(Extracted data entries)
○ ○ ○ ○

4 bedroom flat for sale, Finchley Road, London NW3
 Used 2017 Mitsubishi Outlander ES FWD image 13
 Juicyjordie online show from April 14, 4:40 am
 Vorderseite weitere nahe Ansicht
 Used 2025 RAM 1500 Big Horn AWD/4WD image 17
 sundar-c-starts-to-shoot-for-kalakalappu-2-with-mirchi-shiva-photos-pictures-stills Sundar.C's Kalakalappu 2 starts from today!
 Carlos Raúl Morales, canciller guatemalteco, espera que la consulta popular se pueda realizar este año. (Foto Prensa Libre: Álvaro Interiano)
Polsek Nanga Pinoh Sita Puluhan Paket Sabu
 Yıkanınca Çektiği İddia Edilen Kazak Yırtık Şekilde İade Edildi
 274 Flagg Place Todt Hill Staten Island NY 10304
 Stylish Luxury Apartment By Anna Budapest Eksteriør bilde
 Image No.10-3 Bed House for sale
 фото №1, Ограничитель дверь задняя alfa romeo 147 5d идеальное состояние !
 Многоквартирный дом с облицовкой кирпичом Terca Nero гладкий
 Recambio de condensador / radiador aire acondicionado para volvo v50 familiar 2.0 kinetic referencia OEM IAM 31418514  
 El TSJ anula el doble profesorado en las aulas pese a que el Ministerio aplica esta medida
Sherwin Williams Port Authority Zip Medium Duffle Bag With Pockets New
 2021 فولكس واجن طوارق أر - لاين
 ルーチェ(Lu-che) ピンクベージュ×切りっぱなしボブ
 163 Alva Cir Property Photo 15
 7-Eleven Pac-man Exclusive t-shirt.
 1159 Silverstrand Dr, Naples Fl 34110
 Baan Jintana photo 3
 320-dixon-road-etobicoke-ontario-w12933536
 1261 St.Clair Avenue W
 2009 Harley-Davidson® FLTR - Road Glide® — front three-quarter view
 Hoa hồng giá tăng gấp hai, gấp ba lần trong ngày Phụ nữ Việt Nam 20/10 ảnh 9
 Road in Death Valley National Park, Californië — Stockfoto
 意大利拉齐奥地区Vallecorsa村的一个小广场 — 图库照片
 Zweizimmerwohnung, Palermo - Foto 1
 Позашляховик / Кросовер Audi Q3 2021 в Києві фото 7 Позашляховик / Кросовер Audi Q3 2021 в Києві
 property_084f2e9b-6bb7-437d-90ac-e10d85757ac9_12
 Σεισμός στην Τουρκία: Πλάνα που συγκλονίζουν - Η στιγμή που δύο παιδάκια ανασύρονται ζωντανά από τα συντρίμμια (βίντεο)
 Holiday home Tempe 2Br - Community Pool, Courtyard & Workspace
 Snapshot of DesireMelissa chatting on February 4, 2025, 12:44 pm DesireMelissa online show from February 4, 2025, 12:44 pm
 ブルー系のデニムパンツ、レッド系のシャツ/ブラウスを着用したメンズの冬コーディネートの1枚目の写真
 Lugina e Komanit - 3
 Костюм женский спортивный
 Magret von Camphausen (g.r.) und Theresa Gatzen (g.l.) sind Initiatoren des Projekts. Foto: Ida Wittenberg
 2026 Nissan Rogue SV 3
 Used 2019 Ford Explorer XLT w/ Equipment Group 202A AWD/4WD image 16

○ ○ ○ ○

● **Task prompt**:
Output the number of lines above holding the word "фото", and nothing besides it.

● **Response for this exercise**:
2